Banks were especially imperilled by China’s previous credit extravagance, it said, noting China’s total bank assets doubled in the past four years, leaving them exposed to industries now mired in excess production capacity.
Total assets in China’s banking system are now worth 240 percent of the country’s gross domestic product at 113.3 trillion yuan ($18.2 trillion), substantially higher than any other major emerging economy, Moody’s said.
As a result, the agency judged Chinese bank asset quality to be “negative” for the next 12-18 months, even though it assessed the banking system to have a “stable” outlook in the period.
China’s stabilising economic growth has arrested the uptick in its banks’ bad loan ratio, Moody’s said, and there are no indications that asset quality will worsen materially in coming months.

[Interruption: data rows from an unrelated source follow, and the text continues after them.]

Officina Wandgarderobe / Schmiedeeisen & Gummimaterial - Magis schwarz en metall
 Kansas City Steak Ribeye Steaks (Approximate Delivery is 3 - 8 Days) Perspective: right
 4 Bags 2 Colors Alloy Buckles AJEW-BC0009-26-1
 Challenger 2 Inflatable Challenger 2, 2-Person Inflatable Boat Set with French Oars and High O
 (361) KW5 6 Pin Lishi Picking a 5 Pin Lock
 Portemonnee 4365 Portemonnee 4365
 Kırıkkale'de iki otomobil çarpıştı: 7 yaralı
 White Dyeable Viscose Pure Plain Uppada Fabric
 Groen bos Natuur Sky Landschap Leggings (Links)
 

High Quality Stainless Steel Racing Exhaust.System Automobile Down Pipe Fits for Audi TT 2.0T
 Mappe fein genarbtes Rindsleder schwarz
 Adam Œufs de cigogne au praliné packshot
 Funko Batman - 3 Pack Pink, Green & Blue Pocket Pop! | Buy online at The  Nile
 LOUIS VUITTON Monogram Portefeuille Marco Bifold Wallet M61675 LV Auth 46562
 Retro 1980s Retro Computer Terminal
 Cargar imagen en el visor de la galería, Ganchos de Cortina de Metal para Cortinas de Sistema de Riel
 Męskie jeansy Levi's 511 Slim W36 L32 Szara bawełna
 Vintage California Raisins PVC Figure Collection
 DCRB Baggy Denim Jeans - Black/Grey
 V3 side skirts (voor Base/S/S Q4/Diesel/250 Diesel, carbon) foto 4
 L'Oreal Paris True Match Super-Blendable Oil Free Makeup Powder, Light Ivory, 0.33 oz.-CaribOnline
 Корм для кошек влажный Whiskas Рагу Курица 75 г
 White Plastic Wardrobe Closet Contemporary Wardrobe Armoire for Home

China’s four biggest state-owned banks which control about half of the country’s total bank assets all have non-performing loan ratios of below 1.5 percent, drawing criticisms from analysts who say the numbers are too low and not to be trusted.
Christine Kuo, vice president of Moody’s Financial Institutions Group, said while the agency too has its concerns about China’s bad loan data, it cannot prove that the numbers are false.
“We have our concerns, but we have no evidence,” Kuo said.
For state-owned enterprises, the economic slowdown will impact different sectors differently, said Kai Hu, vice president for corporate finance at Moody‘s.
Strategic sectors such as oil and natural gas production and the power grid will hang onto their monopolies, but consolidation measures recently announced by the government will be a blow to the dominance of state-owned enterprises (SOE) in other sectors.
Overcapacity remains a key obstacle, particularly in cyclical industries, Moody’s said in its report, pointing out that capacity utilisation in China had fallen to 60 percent in 2011 from 90 percent in 2000.
“We think the economic slowdown will be a challenge for SOE adaptability,” Hu said.
Growing per capita income will increase cost pressure on companies, he added. Recent market reforms in energy prices will be a boon to suppliers of energy but add cost pressure to consumers.